Analysis of China's closure system from the revision of the Company Law

2024 03/13

Before 2021, there was no company dormancy system in China. In China, the closure of a company means it is deregistered or revoked. Since the implementation of the Company Law in 1994, it has undergone multiple revisions. In response to the closure of a company, it has always been stipulated that "if a company fails to open for more than six months without justifiable reasons after its establishment, or if it suspends business continuously for more than six months after opening, its business license shall be revoked by the company registration authority." The new Company Law, which came into effect on July 1, 2024 Revise the content to "If a company fails to open for more than six months without justifiable reasons after its establishment, or suspends business continuously for more than six months after opening, the company registration authority may revoke its business license, except for companies that have closed down in accordance with the law." Although only adding a proviso, it acknowledges the closure system established by Shenzhen in 2021 and the Administrative Regulations on the Administration of Market Entity Registration.


According to current laws and regulations, market entities can independently decide to close their businesses, but they should meet the following conditions:


1. It belongs to situations where business difficulties are caused by natural disasters, accidents, public health incidents, social security incidents, and other reasons.


2. The licensee of market access administrative licenses for specific industries directly related to public interests, such as water supply, power supply, gas supply, heating, public transportation, banking, insurance, etc., must obtain approval from the administrative authority that made the administrative license decision before they can suspend business.


3. Market entities should negotiate with employees in accordance with the law regarding the handling of labor relations and other related matters before closure. They can negotiate with employees to terminate or terminate labor contracts in accordance with the current provisions of the Labor Contract Law.
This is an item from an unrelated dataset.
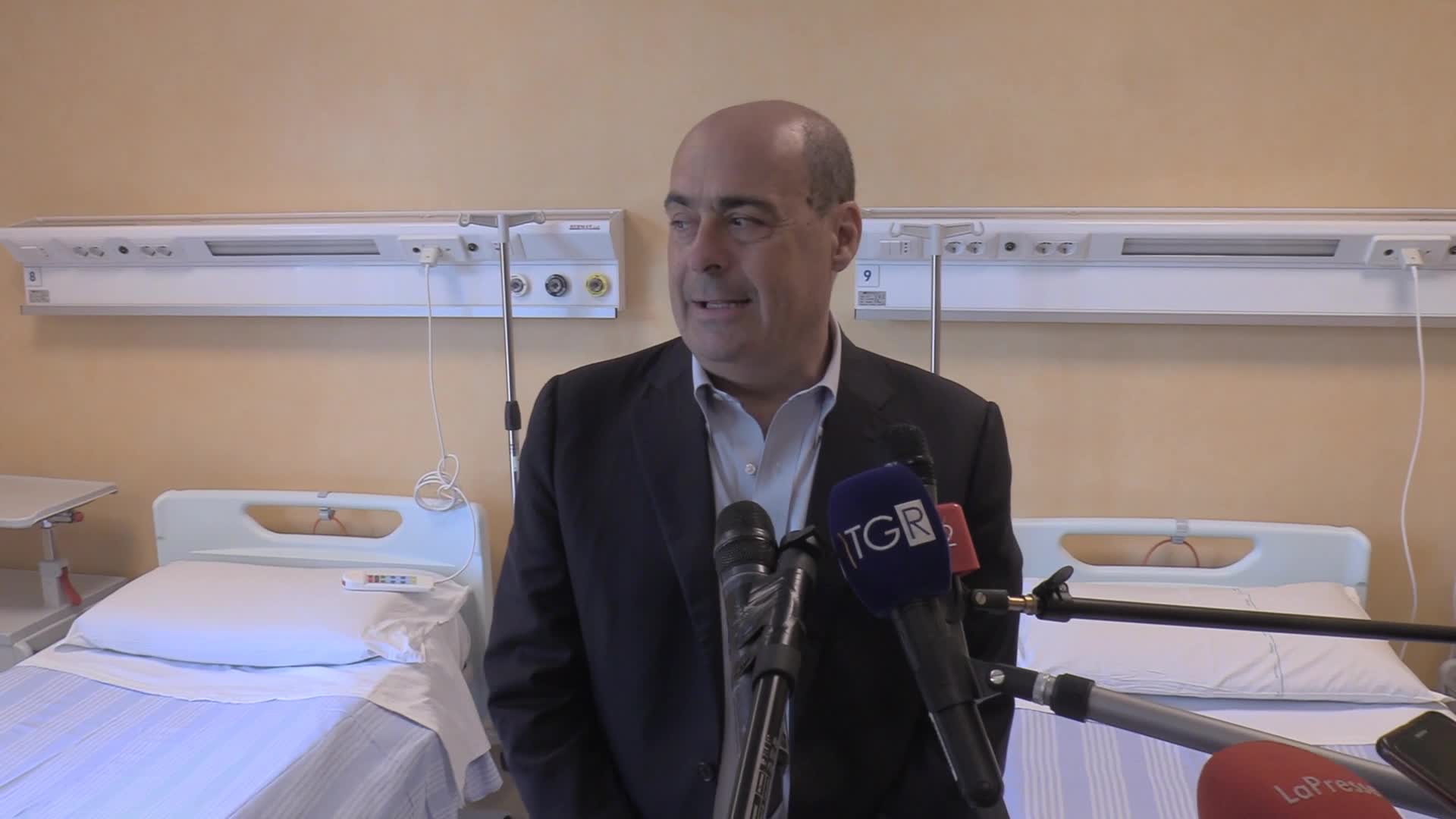 Zingaretti: "Dati positivi sull'industria sono una boccata di ossigeno"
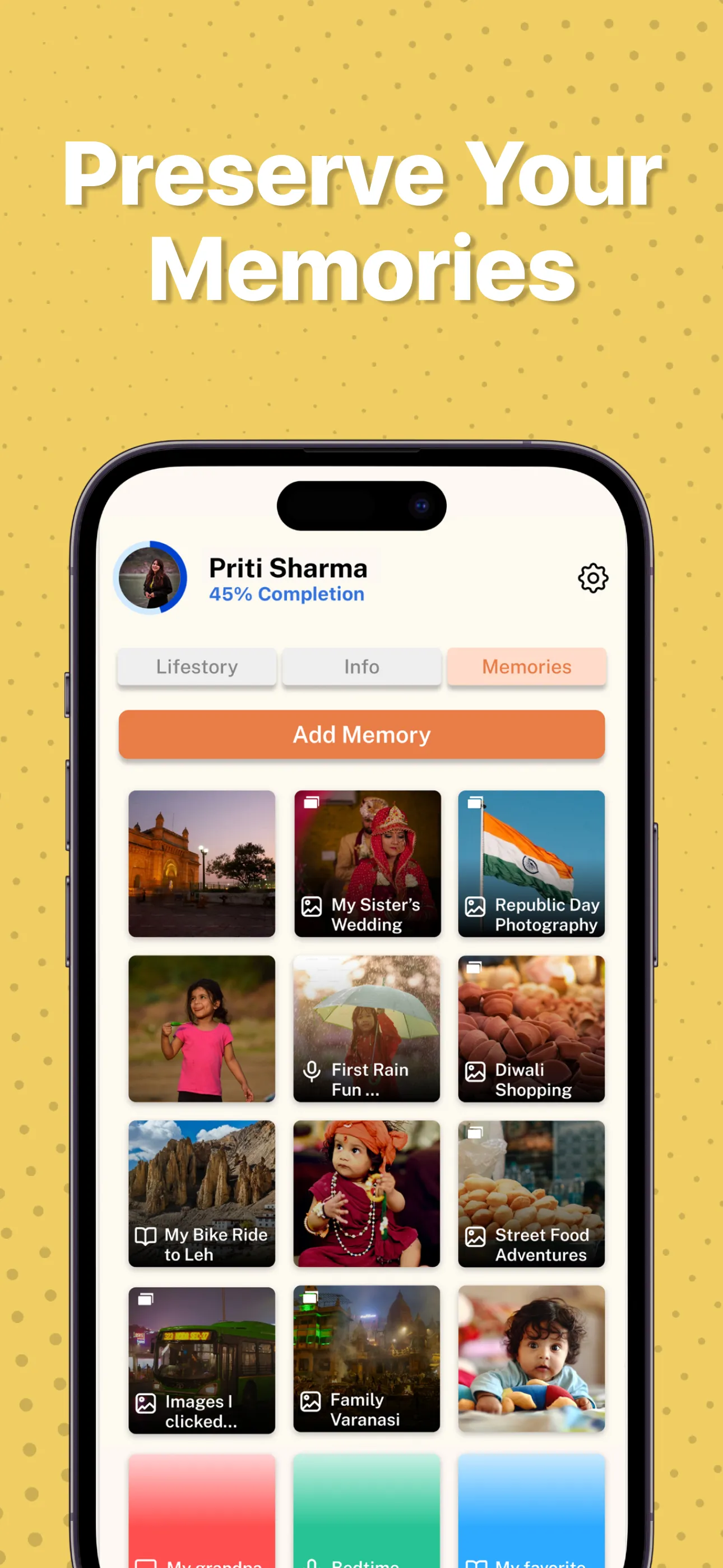 iMeUsWe: Family Tree & Stories | Indus Appstore | Screenshot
They can also negotiate with employees to retain labor relations and pay wages/living expenses according to the agreement. Of course, in places where it is recognized that no labor remuneration can be paid during the termination period of labor contracts (such as Jiangsu), the subject of the closure market can negotiate with employees to maintain labor relations, terminate labor contracts, and do not pay labor remuneration during the closure period.


4. If a market entity decides to close down, it shall file a record with the registration authority before closing down. The registration authority will publicly disclose information such as the deadline for business closure and the address for delivery of legal documents to the public through the National Enterprise Credit Information Publicity System. After the market entity completes the closure filing, if it independently decides to carry out or has actually carried out business activities, it shall publicly announce the termination of closure on the national enterprise credit information disclosure system within 30 days.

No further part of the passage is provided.